İstanbul'da saat 19.44'te hissedilen ve kısa süreli tedirginliğe yol açan Karadeniz merkezli 3,7 büyüklüğündeki sarsıntı, vatandaşların "Büyük bir depremin habercisi mi?" sorusunu akıllara getirdi. Konuyla ilgili değerlendirmelerde bulunan Deprem Bilimci Prof. Dr. Şener Üşümezsoy, Karadeniz'deki bu hareketliliğin büyük bir tehlike yaratmadığını belirterek İstanbulluları rahatlattı.
Prof. Dr. Üşümezsoy, depremin konumunu coğrafi olarak netleştirdi. Sarsıntının Istranca Dağları'nın kuzey kesiminde, Sredna Gora çukur hattının Karadeniz'e uzanan bölümünde meydana geldiğini ifade etti. Daha önce Zonguldak açıklarında sıkışma fayları olarak bilinen ters fayların gözlemlendiğini hatırlatan Üşümezsoy, bu son depremin ise farklı bir yapıya sahip olduğunu ve bölgenin tektonik açıdan büyük deprem üretecek kadar aktif olmadığını vurguladı. Uzmana göre bu büyüklükteki bir deprem, endişe edilecek bir durum teşkil etmiyor.

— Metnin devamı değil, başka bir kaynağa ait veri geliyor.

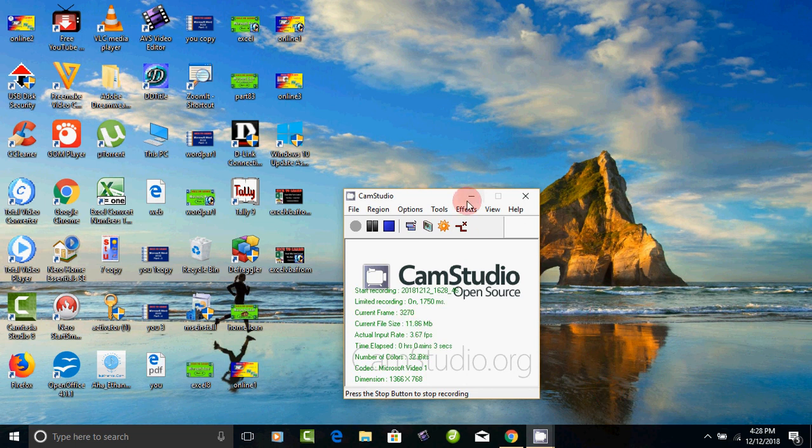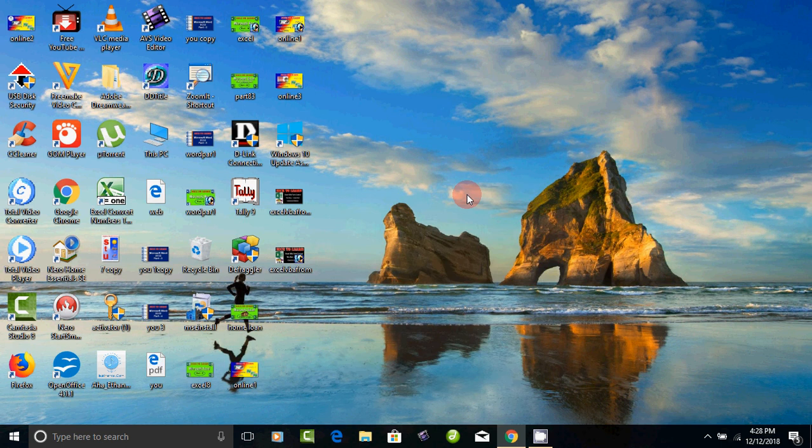Hello friends, I am going to type in the computer. Now we are going to type in English.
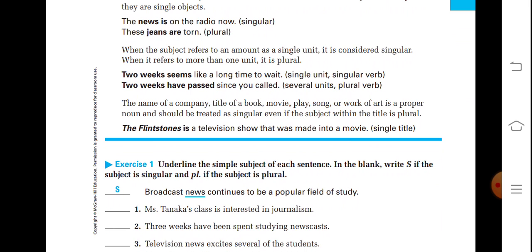The name of a company, or the title of a book, movie, play, song, or work of art is a proper noun and should be treated as singular, even if the subject within the title is plural. For example: 'The Flintstones is a television show that was made into a movie' — it is a single title, so a singular verb is used.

Karadeniz'in genel tektoniğine de değinen Üşümezsoy, bölgenin bir açılma döneminden geçerek yatakların oluştuğu eski bir tektonik dönemin izlerini taşıdığını, ancak günümüzde aktivitesinin yavaşladığını söyledi. Karadeniz kıyılarında zaman zaman ters fay niteliğinde sıkışma depremleri olsa da, Karadeniz'i "rahat bir bölge" olarak tanımladı.
Asıl Risk Ege'de: Manisa'dan Denizli'ye Uzanan Hat Uyarısı
Karadeniz'deki durumu değerlendiren Prof. Dr. Üşümezsoy, Türkiye'deki asıl aktif ve riskli bölgenin Ege olduğunu işaret etti. Özellikle Manisa'dan başlayarak Alaşehir, Buldan üzerinden Denizli'ye kadar uzanan hattın aktif tektonik hareketliliğin yoğun olduğu alanlar olduğunun altını çizdi. Üşümezsoy, tarihsel kayıtlara da atıfta bulunarak, milattan sonra 17 yılında bu bölgedeki depremselliğin Yohanna İncili'nde dahi geçtiğini ve önemli yapıların yıkıldığını belirtti.
Simav bölgesi için ise daha iyimser bir tablo çizen Üşümezsoy, buradaki fay hatlarının farklı karakterde olduğunu ve özellikle sıcak su kaynaklarının tetiklediği, Akhisar benzeri deprem fırtınalarının yaşandığını, bu durumun Simav Dağı'nın büyük deprem üretebilecek asıl fay hattı üzerindeki baskıyı bir miktar azalttığını düşündürdüğünü kaydetti.